A cross-platform serum metabolomics study compared the performance of MSI-CE-MS and NMR methods standardized protocols [88]. Both platforms offered similar reproducibility with a good mutual agreement to classify HCV individuals in different stages of the disease. The researchers highlighted the NMR metabolomics approach by an automated spectral processing and deconvolution software, as well as the identification and quantification of metabolites by a serum-specific metabolite library. However, there are disadvantages of 1D NMR over MSI-CE_MS. MSI-CE-MS spectrometric was improved resolution and lower detection limits, as result, MSI-CE-MS, 60 serum metabolites were found in the HCV patient samples, while by NMR platform were determined 47 metabolites, being 30 serum metabolites were reliably determined in most non-HCV controls and HCV patients. In both instrumental platforms, serum choline and histidine metabolites were found as the best biomarkers to distinguish between HCV patients in late-stage fibrosis and early-stage fibrosis HCV individuals [88]. In other studies, choline is also one of the most significant biomarkers to assess liver cirrhosis in HCV individuals [112]. It is worth mentioning that several other serum metabolites were determined with increasing liver fibrosis, such as asparagine, arginine, tyrosine, and hydroxyproline [87].

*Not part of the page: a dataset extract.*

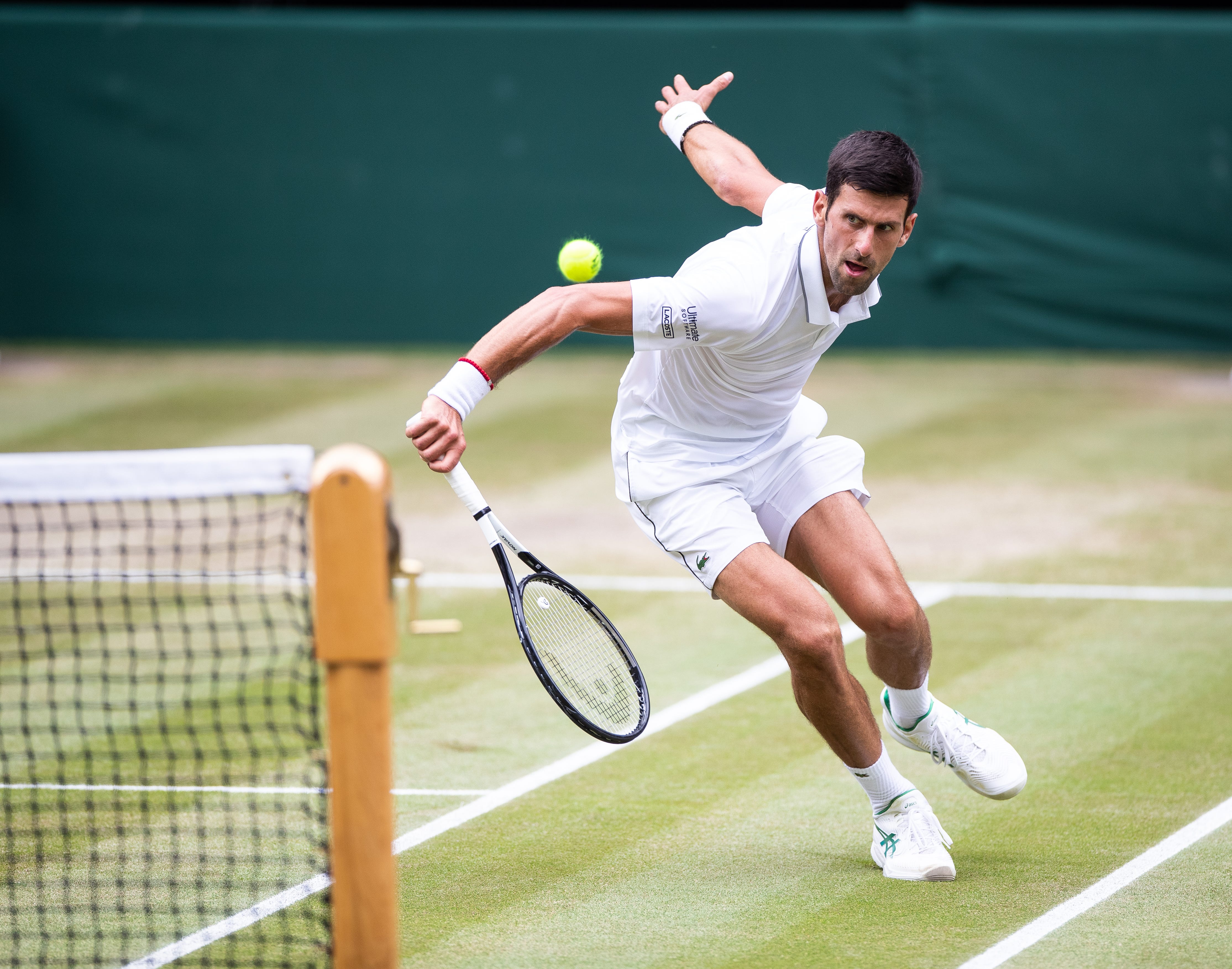 Novak Djokovic Used A.I. to Train for Wimbledon | by Amanda Loudin | OneZero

Serum creatine and creatinine levels are also associated as biomarkers to differentiate HCV patients of different fibrosis stages [112]. These metabolites were found at higher levels in HCV patients in the non-fibrotic than HBV-LC patients. Creatine is an important metabolite in the energy transfer process, which is synthesized primarily in the liver and is again involved in the general energy supply [113].

Glucose is a metabolite with significant variations in its concentration in the serum of patients infected with hepatitis virus [85, 112]. As reported by Millet et al. in NMR-based metabolomics [110], HCV-cirrhosis patients present a high level of serum glucose when compared to HCV-no cirrhosis individuals. Similarly, Embade et al. reported towards patients with mild or severe chronic liver in comparison to healthy individuals. The severity of liver diseases is also associated with glucose metabolism changes. The high level of serum glucose in severe cirrhosis patients may be related to reduced metabolism via the tricarboxylic acid cycle. Also, the upregulation of serum glucose is associated with a lower level of glycerol, which can be metabolized to glucose in the liver and result in energy for cellular metabolism [112].

4 Conclusions and Future Perspectives

Amongst the methodologies reported, communication efforts are required to make end-users aware of recent methodological advances. Otherwise, NMR method improvements may not cross laboratory doors to meet the outside world. Efforts to standardize the metabolomics protocols and solve pattern metabolomics issues allow the integration of international cooperation to determine the metabolism type of a wide range of viral diseases.